The EU AI Act needs
Foundation Model Regulation
To the members of the German Federal Government
We are a group of German and international experts in the field of AI and leaders in business, civil society, and academia. Our expertise is diverse and significant: among us are the two most cited AI researchers in the world and recipients of the Turing Award (“Nobel Prize of Computing”), the author of the world’s most widely used textbook on AI, experts who have advised the German Federal Government on AI and adjacent topics, and founders of successful AI companies.
We understand the European Union’s AI Act is nearing finalization and is presently being discussed in trilogue. In our shared view, the AI Act could become a landmark work of legislation, shaping the future of artificial intelligence not only in the EU, but the entire world. We commend the EU and its member states for their serious and appropriate treatment of this important issue, and their global leadership on it.
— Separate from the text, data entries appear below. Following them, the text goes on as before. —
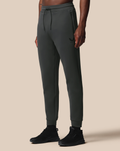 Full length view of gray Flex Jogger with drawstring waist, zip pocket, and cuffed ankles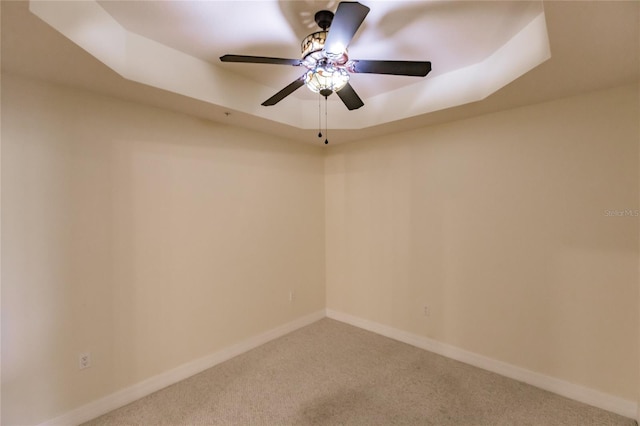 spare room featuring a tray ceiling, ceiling fan, and carpet flooring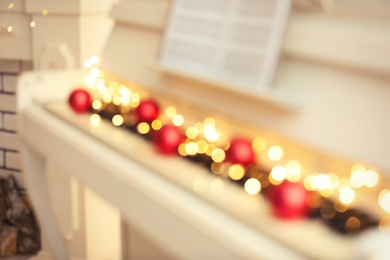 Photo of Blurred view of white piano with festive decor indoors, closeup. Christmas music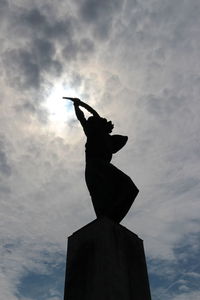 Low angle view of statue against sky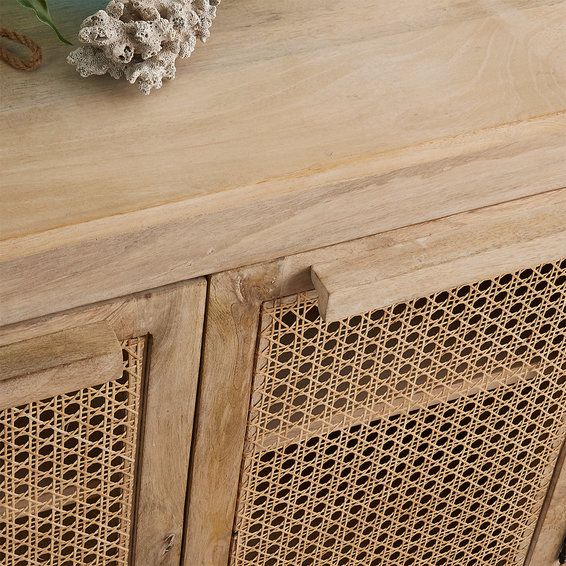 a vase with flowers sitting on top of a wooden table next to a wicker cabinet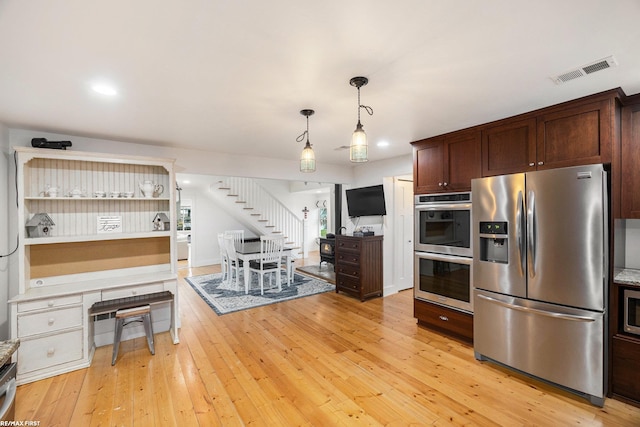 kitchen featuring light stone counters, dark brown cabinetry, stainless steel appliances, light hardwood / wood-style flooring, and hanging light fixtures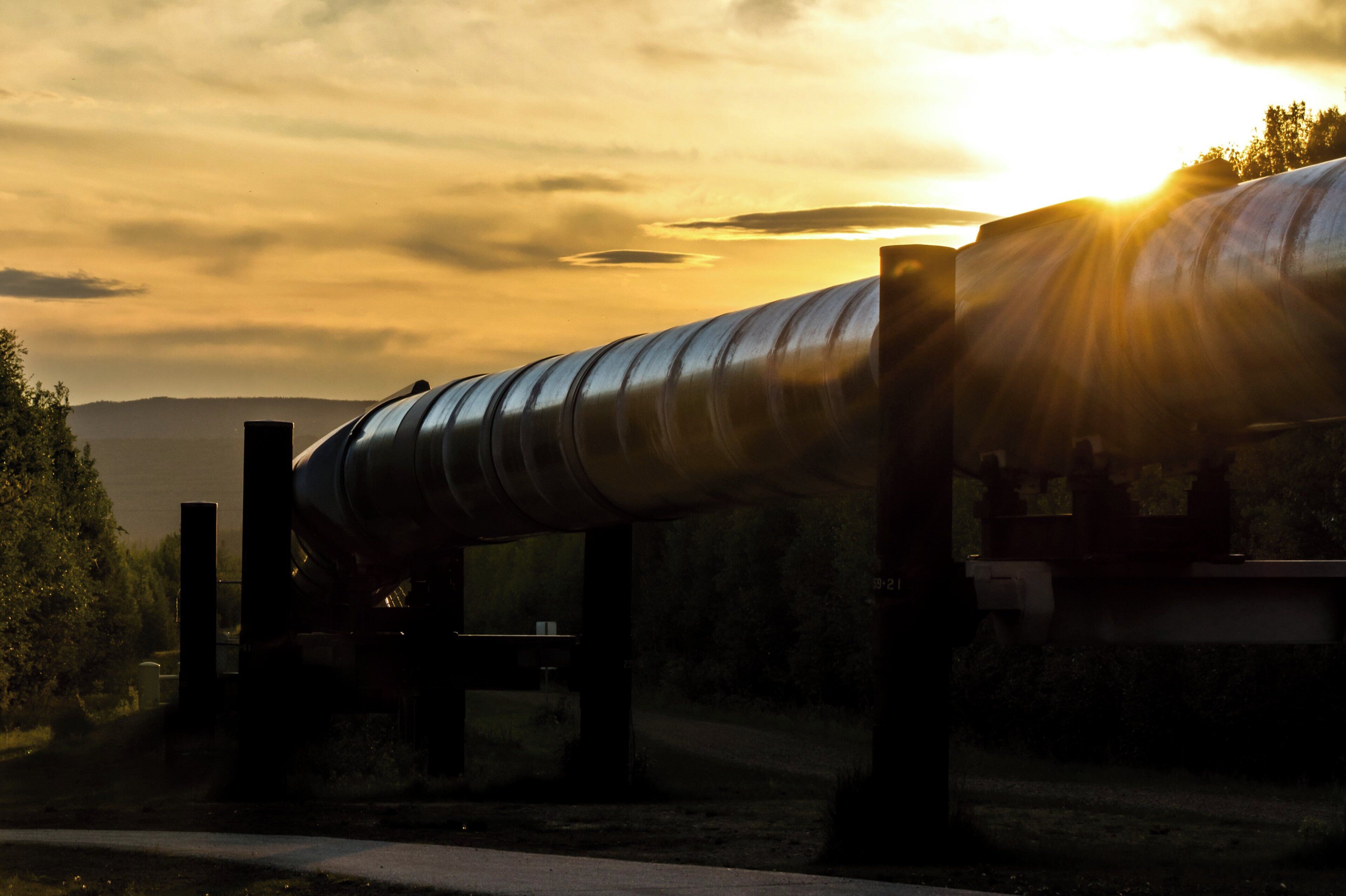 Una gran estructura de tubería industrial con diseño curvo, sostenida por vigas metálicas, con un cielo de atardecer y nubes de fondo.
In our view, however, the Act’s potential is now at risk: a central element of the AI Act, namely binding rules for foundation models, faces resistance from some member states. We understand that the German Federal Government is part of this opposition.
We believe regulating foundation models in the AI Act is vital for a flourishing and safe AI ecosystem. We strongly advise against dealing with foundation models merely through a system of self-regulation.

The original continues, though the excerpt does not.